> **Problem**: Reproduce verbatim, line by line, everything from the line containing "Adjustable Legs Blue" to the last line of the listing below; add nothing.

> **Data for review**:
▼▼▼

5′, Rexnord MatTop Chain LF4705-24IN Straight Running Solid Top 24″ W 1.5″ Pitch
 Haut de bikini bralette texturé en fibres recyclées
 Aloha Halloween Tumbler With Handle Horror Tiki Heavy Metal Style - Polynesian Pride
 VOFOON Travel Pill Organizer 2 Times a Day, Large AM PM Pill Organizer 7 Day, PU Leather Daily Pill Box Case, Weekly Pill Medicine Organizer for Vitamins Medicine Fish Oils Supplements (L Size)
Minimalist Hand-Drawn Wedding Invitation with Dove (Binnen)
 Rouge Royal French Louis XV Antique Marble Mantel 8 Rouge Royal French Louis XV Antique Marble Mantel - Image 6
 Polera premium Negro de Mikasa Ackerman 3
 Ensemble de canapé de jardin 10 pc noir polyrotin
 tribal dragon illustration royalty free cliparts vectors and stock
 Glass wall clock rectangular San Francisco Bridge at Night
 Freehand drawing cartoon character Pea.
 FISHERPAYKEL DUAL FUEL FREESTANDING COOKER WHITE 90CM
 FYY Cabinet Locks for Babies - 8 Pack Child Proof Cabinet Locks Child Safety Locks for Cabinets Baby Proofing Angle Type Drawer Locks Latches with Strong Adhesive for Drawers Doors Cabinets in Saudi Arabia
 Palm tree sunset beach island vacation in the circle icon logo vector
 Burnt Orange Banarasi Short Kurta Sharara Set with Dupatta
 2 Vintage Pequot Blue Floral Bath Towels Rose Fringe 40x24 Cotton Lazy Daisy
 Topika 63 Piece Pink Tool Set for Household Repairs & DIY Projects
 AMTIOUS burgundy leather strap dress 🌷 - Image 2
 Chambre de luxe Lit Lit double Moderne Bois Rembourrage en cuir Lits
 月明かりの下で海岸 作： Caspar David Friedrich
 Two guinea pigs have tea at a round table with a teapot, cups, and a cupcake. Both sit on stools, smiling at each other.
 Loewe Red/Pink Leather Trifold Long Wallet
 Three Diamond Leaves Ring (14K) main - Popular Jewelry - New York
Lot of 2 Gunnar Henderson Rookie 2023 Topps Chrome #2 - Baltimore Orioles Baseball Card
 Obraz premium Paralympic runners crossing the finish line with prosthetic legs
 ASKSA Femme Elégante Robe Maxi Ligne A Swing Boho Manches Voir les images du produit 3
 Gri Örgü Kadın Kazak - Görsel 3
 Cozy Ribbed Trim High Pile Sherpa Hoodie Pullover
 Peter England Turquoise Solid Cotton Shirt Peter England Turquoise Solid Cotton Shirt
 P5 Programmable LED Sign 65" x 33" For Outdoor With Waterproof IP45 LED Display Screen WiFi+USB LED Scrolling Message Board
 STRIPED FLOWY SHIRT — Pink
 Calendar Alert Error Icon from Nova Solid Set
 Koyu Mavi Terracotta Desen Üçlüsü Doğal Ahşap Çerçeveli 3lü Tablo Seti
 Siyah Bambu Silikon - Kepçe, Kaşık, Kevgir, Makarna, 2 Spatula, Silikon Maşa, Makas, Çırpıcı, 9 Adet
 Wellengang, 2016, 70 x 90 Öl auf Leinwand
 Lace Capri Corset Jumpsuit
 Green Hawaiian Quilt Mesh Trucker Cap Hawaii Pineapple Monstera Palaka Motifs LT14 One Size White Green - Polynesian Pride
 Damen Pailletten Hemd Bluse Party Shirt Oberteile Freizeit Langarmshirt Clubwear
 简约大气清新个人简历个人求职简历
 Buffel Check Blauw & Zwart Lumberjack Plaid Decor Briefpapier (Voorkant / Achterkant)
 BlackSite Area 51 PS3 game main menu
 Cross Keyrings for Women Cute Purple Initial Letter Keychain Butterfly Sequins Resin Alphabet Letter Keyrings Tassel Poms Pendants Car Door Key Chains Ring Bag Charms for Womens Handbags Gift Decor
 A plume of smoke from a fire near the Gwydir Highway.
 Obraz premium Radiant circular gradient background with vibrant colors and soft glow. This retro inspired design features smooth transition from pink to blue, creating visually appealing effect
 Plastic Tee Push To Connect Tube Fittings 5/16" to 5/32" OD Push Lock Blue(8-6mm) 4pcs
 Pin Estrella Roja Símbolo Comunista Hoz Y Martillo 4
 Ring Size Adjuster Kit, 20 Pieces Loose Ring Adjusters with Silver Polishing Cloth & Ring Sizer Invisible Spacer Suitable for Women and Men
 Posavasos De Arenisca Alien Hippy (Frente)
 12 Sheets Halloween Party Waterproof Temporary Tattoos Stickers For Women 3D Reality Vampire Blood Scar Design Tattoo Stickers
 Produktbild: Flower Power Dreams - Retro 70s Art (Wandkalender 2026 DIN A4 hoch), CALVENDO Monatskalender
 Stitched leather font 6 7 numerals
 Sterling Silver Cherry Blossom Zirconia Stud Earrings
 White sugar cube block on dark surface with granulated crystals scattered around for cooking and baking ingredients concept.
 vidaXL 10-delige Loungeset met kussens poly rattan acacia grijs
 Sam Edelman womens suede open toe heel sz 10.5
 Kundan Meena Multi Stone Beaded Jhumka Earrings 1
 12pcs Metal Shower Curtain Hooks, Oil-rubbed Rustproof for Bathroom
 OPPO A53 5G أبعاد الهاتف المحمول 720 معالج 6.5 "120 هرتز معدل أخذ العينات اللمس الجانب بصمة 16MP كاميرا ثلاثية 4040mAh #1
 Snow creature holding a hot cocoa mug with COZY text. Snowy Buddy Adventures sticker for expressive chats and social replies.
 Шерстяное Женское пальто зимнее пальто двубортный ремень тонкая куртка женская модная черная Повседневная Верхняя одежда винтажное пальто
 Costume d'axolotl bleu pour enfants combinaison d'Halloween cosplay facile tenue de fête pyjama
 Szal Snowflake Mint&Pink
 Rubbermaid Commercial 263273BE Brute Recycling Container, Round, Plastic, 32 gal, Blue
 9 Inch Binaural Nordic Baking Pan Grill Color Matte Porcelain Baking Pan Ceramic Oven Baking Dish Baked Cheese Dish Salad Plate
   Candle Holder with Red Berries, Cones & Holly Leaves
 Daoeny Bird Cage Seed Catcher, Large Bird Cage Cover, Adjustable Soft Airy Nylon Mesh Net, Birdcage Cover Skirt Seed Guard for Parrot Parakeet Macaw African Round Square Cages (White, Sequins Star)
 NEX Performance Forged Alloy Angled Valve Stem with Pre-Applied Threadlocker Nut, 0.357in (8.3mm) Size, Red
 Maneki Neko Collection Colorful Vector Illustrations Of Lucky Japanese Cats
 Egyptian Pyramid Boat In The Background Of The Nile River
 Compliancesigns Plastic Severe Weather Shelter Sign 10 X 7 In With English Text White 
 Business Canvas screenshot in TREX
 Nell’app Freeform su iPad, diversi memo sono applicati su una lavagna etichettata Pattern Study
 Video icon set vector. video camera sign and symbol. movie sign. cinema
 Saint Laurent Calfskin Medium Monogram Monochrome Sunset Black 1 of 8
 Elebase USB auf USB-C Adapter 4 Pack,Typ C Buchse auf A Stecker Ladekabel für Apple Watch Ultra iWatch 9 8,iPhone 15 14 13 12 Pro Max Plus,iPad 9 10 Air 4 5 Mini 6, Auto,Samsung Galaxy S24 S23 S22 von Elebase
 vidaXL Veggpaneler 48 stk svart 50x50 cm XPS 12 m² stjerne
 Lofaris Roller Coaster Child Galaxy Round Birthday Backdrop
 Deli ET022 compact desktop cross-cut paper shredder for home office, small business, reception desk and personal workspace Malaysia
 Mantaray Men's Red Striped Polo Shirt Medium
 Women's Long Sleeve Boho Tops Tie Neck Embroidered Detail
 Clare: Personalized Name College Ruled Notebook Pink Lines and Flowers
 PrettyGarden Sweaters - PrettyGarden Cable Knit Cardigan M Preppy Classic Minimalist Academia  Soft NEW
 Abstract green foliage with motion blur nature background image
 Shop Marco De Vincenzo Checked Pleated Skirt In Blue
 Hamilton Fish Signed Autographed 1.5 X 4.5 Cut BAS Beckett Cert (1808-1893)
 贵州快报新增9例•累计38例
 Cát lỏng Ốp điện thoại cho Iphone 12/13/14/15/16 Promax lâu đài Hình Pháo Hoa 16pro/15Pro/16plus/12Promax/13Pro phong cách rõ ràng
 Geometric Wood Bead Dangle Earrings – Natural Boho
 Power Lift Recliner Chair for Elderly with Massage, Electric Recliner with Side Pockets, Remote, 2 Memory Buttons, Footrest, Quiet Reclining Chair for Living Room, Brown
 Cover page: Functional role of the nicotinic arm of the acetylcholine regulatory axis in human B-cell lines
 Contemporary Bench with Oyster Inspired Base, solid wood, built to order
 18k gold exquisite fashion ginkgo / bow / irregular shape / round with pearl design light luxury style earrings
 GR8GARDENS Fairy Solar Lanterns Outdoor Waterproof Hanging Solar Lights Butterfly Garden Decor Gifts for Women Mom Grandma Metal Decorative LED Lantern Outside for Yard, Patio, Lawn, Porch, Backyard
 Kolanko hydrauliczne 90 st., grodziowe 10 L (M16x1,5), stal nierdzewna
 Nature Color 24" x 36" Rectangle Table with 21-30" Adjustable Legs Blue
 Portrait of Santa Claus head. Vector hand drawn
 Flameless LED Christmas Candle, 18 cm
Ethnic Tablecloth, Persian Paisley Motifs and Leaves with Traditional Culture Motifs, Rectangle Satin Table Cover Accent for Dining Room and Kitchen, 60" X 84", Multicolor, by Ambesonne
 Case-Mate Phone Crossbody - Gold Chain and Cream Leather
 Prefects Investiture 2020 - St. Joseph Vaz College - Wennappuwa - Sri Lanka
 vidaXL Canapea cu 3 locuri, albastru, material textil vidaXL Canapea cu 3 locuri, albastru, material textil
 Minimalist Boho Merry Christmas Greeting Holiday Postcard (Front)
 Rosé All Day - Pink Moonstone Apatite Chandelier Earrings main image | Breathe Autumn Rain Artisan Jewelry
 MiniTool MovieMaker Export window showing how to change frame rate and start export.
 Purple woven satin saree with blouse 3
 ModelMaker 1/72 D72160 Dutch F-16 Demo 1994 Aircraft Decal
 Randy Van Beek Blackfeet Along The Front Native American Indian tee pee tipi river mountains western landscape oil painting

▲▲▲

> **Result below**:
 Nature Color 24" x 36" Rectangle Table with 21-30" Adjustable Legs Blue
 Portrait of Santa Claus head. Vector hand drawn
 Flameless LED Christmas Candle, 18 cm
Ethnic Tablecloth, Persian Paisley Motifs and Leaves with Traditional Culture Motifs, Rectangle Satin Table Cover Accent for Dining Room and Kitchen, 60" X 84", Multicolor, by Ambesonne
 Case-Mate Phone Crossbody - Gold Chain and Cream Leather
 Prefects Investiture 2020 - St. Joseph Vaz College - Wennappuwa - Sri Lanka
 vidaXL Canapea cu 3 locuri, albastru, material textil vidaXL Canapea cu 3 locuri, albastru, material textil
 Minimalist Boho Merry Christmas Greeting Holiday Postcard (Front)
 Rosé All Day - Pink Moonstone Apatite Chandelier Earrings main image | Breathe Autumn Rain Artisan Jewelry
 MiniTool MovieMaker Export window showing how to change frame rate and start export.
 Purple woven satin saree with blouse 3
 ModelMaker 1/72 D72160 Dutch F-16 Demo 1994 Aircraft Decal
 Randy Van Beek Blackfeet Along The Front Native American Indian tee pee tipi river mountains western landscape oil painting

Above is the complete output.